What you end up with
Put the four moves together and the output is a completely ordinary ML-DSA signature (~2.4 kB), checked by a standard ML-DSA verifier. The verifier can't tell a group produced it at all. The scheme stays secure even if every signer but one is dishonest. It also needs no trusted setup, the signers can generate the shared key between themselves, with no dealer ever holding the whole key. Or, if you already run a deployed ML-DSA key, you can split that existing key across a group after the fact without changing its public key, so nothing downstream has to be re-issued.
It's also pretty quick, the signing runs in milliseconds locally, and under a second across a network.
The biggest limitation is group size and arises from what we do in Move 4 above. As the group grows there are more small keys to share, each signer's piece gets a little longer, its pass rate falls, and the number of parallel attempts has to climb. Up to six signers it stays reasonable but beyond that the cost rises steeply (seven already runs to megabytes per signer). So if you only need a small threshold set (2-of-2, 2-of-3, 3-of-5, etc), you will be fine and likely have a drop-in post-quantum replacement for ECDSA/EdDSA.
Please note that at the time of writing this blog, the code referenced in the paper has not been audited and is not recommended for production use.
Wrapping up
Threshold signing is easy when signing is linear in the secret: split the key into pieces that add up, everyone does their part, you add up the result. This is how both BLS and Schnorr work, and so, on paper, does ML-DSA, its response z = mask + challenge × secret is linear.
What makes ML-DSA hard isn't the linear algebra, it's the rejection sampling. To keep signatures small, ML-DSA can't publish every z, it has to bin the ones that would leak the key. On your own that's trivial: you check in private and the binned attempts are never seen. Split across a group it isn't, because the throw-away decision is about the combined z, and you can't judge the total without each signer revealing their piece first. The decision needs the total; the total needs the reveal; the reveal is a leak.

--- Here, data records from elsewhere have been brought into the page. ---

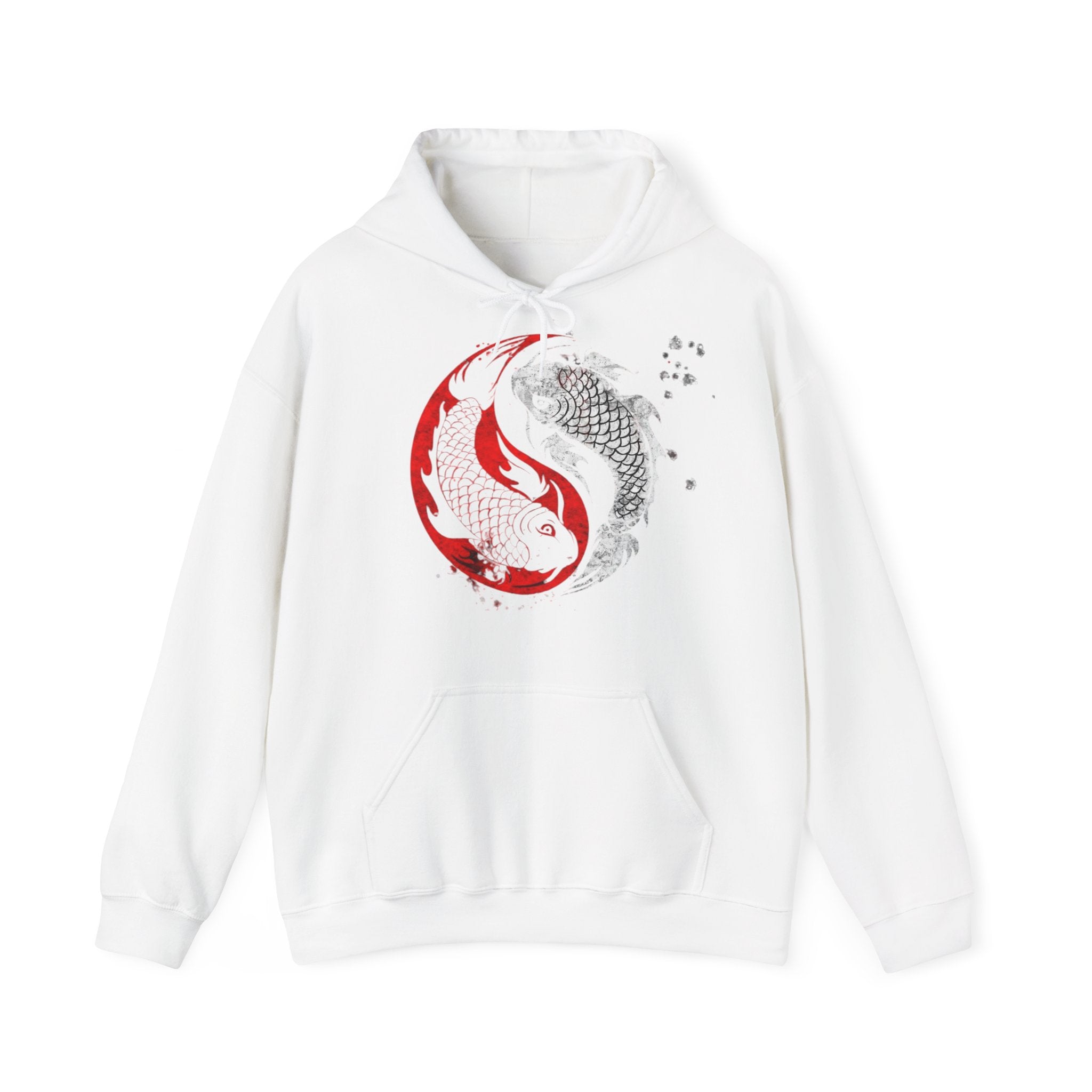Yin Yang Koi Fish Hoodie, Unisex Sweatshirt, Asian Art Hooded Top, Gift for Her, Unique Streetwear, Cozy Casual Wear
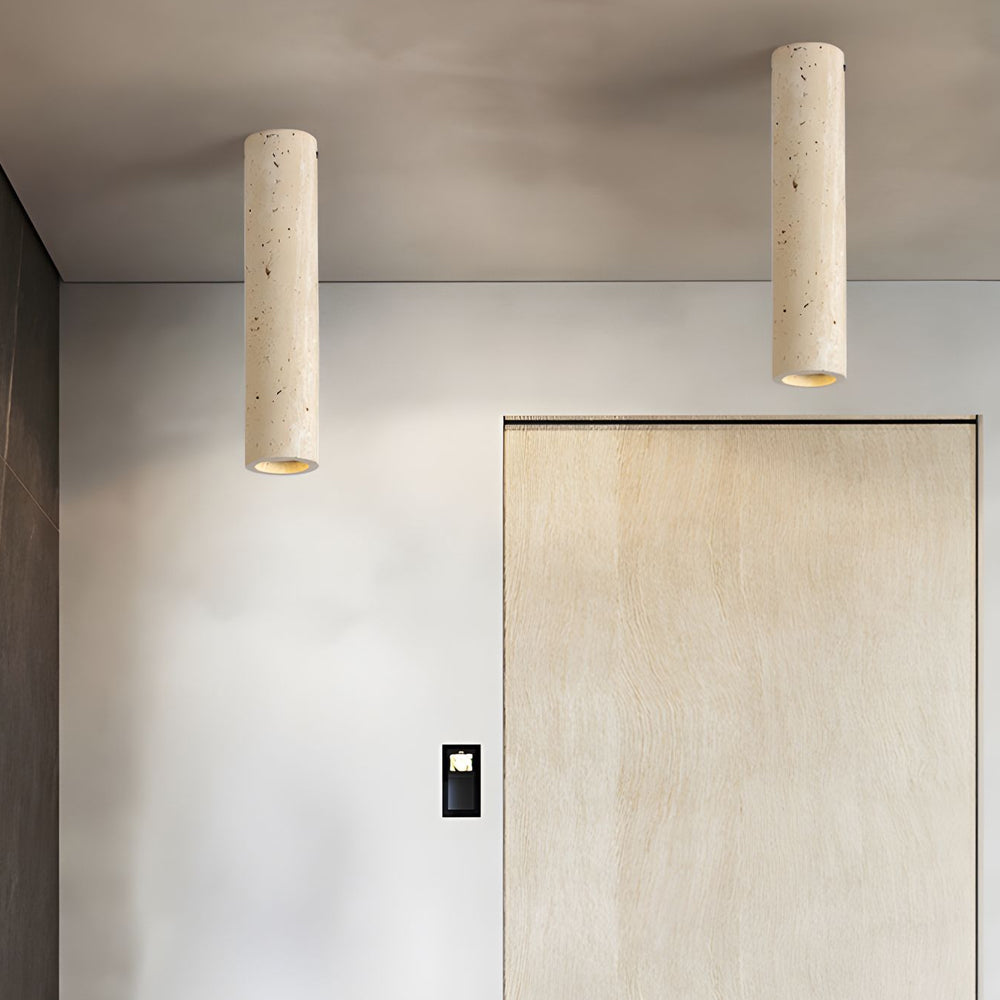 1-Light Modern Yellow Travertine Long Tube Ceiling Lamp for Hallway, Entrance - Dazuma.us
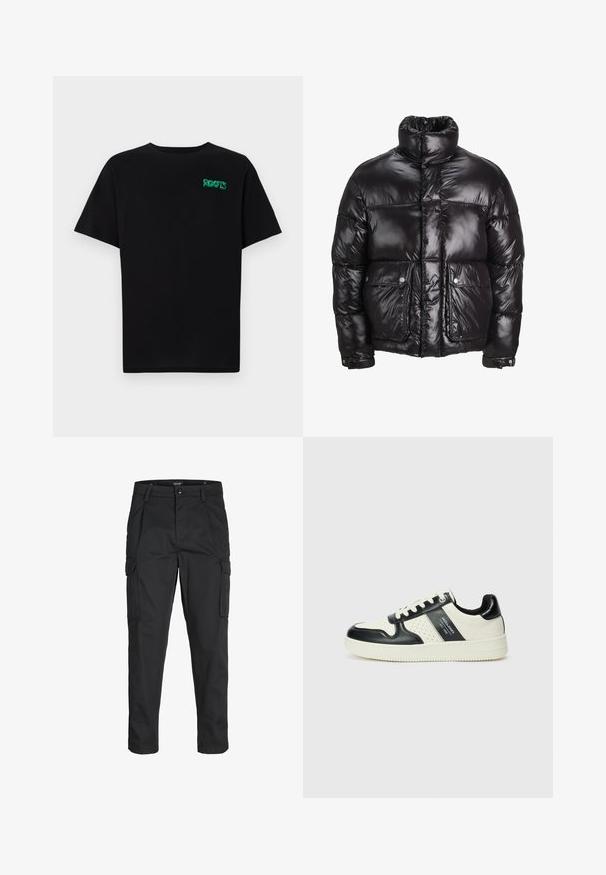 Jachetă puffer neagră din material lucios, cu guler înalt, două buzunare frontale cu închidere prin capse și un design căptușit.; Tricou negru din bumbac, cu mâneci scurte. Prezintă un logo verde "ROOTS" pe față, guler rotund și o potrivire standard.; Pantaloni cargo negri dintr-un material rezistent, cu multiple buzunare, închidere cu nasture și un design slim fit cu picioare conice.; Tenisi din piele cu un scheme de culori negru și crem, dotati cu accente perforate, guler căptușit și o talpă texturată.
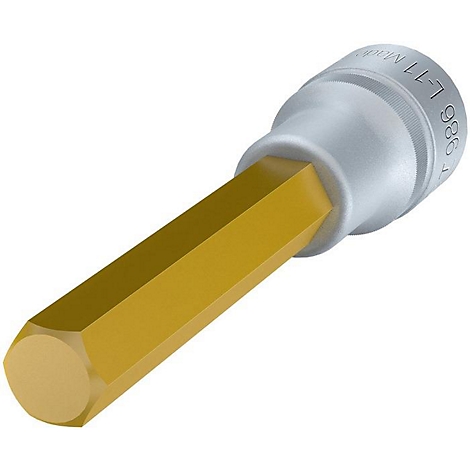 Ein goldener Inbusschlüssel mit silberfarbenem Aufsatz. Der Sechskantkopf ragt aus dem Aufsatz heraus.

The solution proposed by Celi, del Pino, Espitau, Niot and Prest, is to make sure every piece is already safe by the time it is revealed. Give each signer a short piece of the key it owns outright, so it can run the rejection sampling on its own piece in private then check only the size of the combined signature in the open which is the correctness check, done globally, on pieces that are already safe. They also propose a better-shaped safe zone and a batch of parallel attempts keep the success rate up, and a little noise on each commitment makes the one unavoidable early reveal safe too.
The result is a standard ML-DSA signature; same size, same verifier that can't tell it from one a single signer produced, created by a group where no one ever held the whole key, and secure even if all but one of them is compromised.
There's plenty this post skipped; the distributed key generation, retrofitting existing keys, the exact rejection geometry, the security proof. It's all in the paper.
*yes, yes it's more complex in reality.